**The problem:** Please give back each line of the listing, unchanged in every word.

**Records for this exercise:**
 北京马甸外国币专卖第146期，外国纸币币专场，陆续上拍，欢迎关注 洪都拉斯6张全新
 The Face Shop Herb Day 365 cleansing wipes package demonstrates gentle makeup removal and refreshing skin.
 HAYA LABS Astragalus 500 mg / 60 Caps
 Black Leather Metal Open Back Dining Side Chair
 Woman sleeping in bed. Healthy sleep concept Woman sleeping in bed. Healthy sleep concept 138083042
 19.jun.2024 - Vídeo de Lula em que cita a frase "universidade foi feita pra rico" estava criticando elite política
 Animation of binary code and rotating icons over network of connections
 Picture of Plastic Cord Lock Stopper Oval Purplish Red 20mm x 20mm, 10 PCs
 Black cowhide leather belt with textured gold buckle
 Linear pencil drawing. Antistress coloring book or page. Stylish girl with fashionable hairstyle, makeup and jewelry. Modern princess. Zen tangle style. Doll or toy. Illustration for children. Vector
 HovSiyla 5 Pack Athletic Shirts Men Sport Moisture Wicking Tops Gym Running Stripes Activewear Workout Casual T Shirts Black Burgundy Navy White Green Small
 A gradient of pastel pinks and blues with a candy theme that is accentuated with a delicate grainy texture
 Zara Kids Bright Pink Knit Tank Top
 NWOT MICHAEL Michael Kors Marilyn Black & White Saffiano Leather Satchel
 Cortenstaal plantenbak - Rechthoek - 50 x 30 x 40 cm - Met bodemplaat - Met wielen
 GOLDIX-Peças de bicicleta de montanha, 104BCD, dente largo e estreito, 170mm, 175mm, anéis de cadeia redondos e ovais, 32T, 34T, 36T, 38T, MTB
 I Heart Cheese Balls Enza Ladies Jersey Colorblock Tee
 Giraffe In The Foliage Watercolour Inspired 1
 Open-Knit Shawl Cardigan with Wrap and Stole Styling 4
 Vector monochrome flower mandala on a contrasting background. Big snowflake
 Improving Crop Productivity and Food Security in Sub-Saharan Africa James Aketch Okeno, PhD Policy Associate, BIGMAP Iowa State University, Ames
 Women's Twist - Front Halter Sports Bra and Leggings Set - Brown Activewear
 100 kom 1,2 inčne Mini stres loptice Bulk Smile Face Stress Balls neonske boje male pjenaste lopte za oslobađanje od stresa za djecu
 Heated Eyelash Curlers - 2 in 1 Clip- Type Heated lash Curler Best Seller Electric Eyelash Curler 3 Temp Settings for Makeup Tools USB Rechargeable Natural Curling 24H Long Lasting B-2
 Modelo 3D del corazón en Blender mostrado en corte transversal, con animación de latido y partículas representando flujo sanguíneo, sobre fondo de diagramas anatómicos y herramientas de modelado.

**Response area:**
 北京马甸外国币专卖第146期，外国纸币币专场，陆续上拍，欢迎关注 洪都拉斯6张全新
 The Face Shop Herb Day 365 cleansing wipes package demonstrates gentle makeup removal and refreshing skin.
 HAYA LABS Astragalus 500 mg / 60 Caps
 Black Leather Metal Open Back Dining Side Chair
 Woman sleeping in bed. Healthy sleep concept Woman sleeping in bed. Healthy sleep concept 138083042
 19.jun.2024 - Vídeo de Lula em que cita a frase "universidade foi feita pra rico" estava criticando elite política
 Animation of binary code and rotating icons over network of connections
 Picture of Plastic Cord Lock Stopper Oval Purplish Red 20mm x 20mm, 10 PCs
 Black cowhide leather belt with textured gold buckle
 Linear pencil drawing. Antistress coloring book or page. Stylish girl with fashionable hairstyle, makeup and jewelry. Modern princess. Zen tangle style. Doll or toy. Illustration for children. Vector
 HovSiyla 5 Pack Athletic Shirts Men Sport Moisture Wicking Tops Gym Running Stripes Activewear Workout Casual T Shirts Black Burgundy Navy White Green Small
 A gradient of pastel pinks and blues with a candy theme that is accentuated with a delicate grainy texture
 Zara Kids Bright Pink Knit Tank Top
 NWOT MICHAEL Michael Kors Marilyn Black & White Saffiano Leather Satchel
 Cortenstaal plantenbak - Rechthoek - 50 x 30 x 40 cm - Met bodemplaat - Met wielen
 GOLDIX-Peças de bicicleta de montanha, 104BCD, dente largo e estreito, 170mm, 175mm, anéis de cadeia redondos e ovais, 32T, 34T, 36T, 38T, MTB
 I Heart Cheese Balls Enza Ladies Jersey Colorblock Tee
 Giraffe In The Foliage Watercolour Inspired 1
 Open-Knit Shawl Cardigan with Wrap and Stole Styling 4
 Vector monochrome flower mandala on a contrasting background. Big snowflake
 Improving Crop Productivity and Food Security in Sub-Saharan Africa James Aketch Okeno, PhD Policy Associate, BIGMAP Iowa State University, Ames
 Women's Twist - Front Halter Sports Bra and Leggings Set - Brown Activewear
 100 kom 1,2 inčne Mini stres loptice Bulk Smile Face Stress Balls neonske boje male pjenaste lopte za oslobađanje od stresa za djecu
 Heated Eyelash Curlers - 2 in 1 Clip- Type Heated lash Curler Best Seller Electric Eyelash Curler 3 Temp Settings for Makeup Tools USB Rechargeable Natural Curling 24H Long Lasting B-2
 Modelo 3D del corazón en Blender mostrado en corte transversal, con animación de latido y partículas representando flujo sanguíneo, sobre fondo de diagramas anatómicos y herramientas de modelado.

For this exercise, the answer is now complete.